CEO Thoughts: On SATs 2026
Morning All,
I hope you’re having a good week.
I’m afraid it’s that time of year again where SATs week looms large on the horizon. I want to thank all of you for your hard work in supporting children to be ready for all that next week will bring. However, more importantly, thank you for the work you’ve all done over the last 6 or so years to enable our Year 6 pupils to flourish. Next week’s SATs are a tiny part of their school life, and I know every Y6 pupil has been given the best opportunity to thrive because of your support over the whole of their primary school journey. We will, of course, do our best to make sure the children are as ready as they can be and that our environments are calm and encouraging, but ultimately, what matters most is the amazing people our Y6 pupils are becoming. And put simply, SATs results can’t measure that!

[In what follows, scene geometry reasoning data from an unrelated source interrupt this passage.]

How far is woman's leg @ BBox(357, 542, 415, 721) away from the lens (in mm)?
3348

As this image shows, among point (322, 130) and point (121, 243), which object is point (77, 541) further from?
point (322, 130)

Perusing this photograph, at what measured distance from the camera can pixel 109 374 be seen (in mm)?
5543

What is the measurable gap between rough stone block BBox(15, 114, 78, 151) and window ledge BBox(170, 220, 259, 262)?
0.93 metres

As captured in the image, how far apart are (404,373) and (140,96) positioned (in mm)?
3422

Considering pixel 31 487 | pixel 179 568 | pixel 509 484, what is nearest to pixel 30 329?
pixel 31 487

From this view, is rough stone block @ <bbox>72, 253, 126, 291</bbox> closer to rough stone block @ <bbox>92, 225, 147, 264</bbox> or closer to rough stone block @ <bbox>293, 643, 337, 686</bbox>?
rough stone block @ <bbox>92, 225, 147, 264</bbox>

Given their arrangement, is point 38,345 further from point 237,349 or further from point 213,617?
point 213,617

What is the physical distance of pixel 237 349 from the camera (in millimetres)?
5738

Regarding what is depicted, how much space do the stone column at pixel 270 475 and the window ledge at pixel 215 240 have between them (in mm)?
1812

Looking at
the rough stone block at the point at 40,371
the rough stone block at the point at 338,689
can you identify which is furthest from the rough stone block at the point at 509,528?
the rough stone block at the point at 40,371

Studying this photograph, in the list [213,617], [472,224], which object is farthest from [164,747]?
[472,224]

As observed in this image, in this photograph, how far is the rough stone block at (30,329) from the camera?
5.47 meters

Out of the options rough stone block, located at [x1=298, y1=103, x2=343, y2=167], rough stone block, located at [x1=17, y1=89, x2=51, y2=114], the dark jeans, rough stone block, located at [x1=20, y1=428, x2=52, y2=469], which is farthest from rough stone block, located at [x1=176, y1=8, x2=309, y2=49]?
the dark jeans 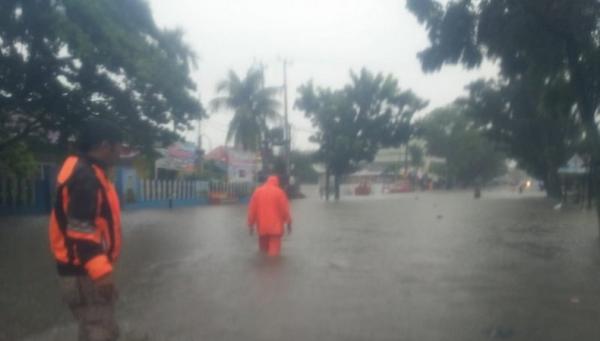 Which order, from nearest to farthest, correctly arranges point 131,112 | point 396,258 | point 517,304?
point 517,304
point 396,258
point 131,112

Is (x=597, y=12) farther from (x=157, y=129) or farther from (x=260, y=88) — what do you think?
(x=260, y=88)

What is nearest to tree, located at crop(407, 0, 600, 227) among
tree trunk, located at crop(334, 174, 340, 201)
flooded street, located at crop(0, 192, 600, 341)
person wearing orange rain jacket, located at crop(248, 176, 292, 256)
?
flooded street, located at crop(0, 192, 600, 341)

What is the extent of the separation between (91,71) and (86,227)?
48.1 ft

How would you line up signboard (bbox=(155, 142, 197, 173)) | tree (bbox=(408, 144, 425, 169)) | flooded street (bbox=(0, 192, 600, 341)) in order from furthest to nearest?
1. tree (bbox=(408, 144, 425, 169))
2. signboard (bbox=(155, 142, 197, 173))
3. flooded street (bbox=(0, 192, 600, 341))

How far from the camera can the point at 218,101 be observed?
48.8m

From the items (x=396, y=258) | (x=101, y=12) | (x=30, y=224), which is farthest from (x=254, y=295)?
(x=30, y=224)

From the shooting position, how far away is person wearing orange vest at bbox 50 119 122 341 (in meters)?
3.47

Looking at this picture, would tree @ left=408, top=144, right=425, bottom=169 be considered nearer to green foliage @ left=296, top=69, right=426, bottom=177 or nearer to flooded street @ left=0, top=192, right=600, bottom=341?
green foliage @ left=296, top=69, right=426, bottom=177

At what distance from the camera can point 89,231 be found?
3.48 m

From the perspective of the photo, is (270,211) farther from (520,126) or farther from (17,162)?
(520,126)

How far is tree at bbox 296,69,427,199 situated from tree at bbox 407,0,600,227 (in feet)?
106

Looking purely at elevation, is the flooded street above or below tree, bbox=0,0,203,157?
below

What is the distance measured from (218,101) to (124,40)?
32.5m

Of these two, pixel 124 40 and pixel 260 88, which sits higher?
pixel 260 88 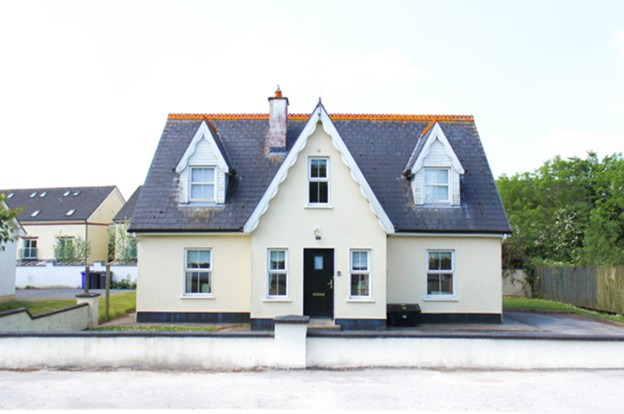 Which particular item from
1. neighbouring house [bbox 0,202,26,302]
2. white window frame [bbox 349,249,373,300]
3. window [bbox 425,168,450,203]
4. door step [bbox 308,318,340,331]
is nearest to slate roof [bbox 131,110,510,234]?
window [bbox 425,168,450,203]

I thought I would reshare below my reflection on SATs that I sent out last year just to remind you of my thoughts on the whole process. I wish you all well and, no matter what the outcome, I know you and the children have done your best!
CEO Thoughts: On SATs 2025
You wouldn’t expect SATs week to come and go without me referring to it and sharing my views. Well, my view is simple….I don’t like them!
I don’t like them in the same way that I don’t really like cauliflower! In the fact that I would literally choose anything else other than to have to do them or have our schools judged from afar based on the performance of our children on a given day. However, I do understand that the performance of schools needs to be monitored and, just like cauliflower, I might not like the taste, but it is good for you in some ways. Now hear me out on this…. I remember what schools were like pre-SATS, pre-national curriculum and pre-Ofsted. It was the wild west! A complete lottery about your experience at school – you may leave being able to read and write competently, or you may leave having spent a disproportionate amount of time doing PE, playing with the class guinea pig and constructing life-sized rockets out of cardboard boxes and tin foil. Now don’t get me wrong, some of those experiences were (and still are) important and things we all look back on fondly. But we do have to ask ourselves what we want for our children. We want them to love learning and enjoy school, but we also want (and need) them to be articulate, great readers, capable writers, and competent mathematicians. Our curriculum offer across our schools is now set up to achieve that, but how do we know it is having an impact and really working and, furthermore, is comparable to schools all over the country? I think the only way is for us to have a standardised assessment at the end of the primary journey. Unfortunately, we must eat the cauliflower!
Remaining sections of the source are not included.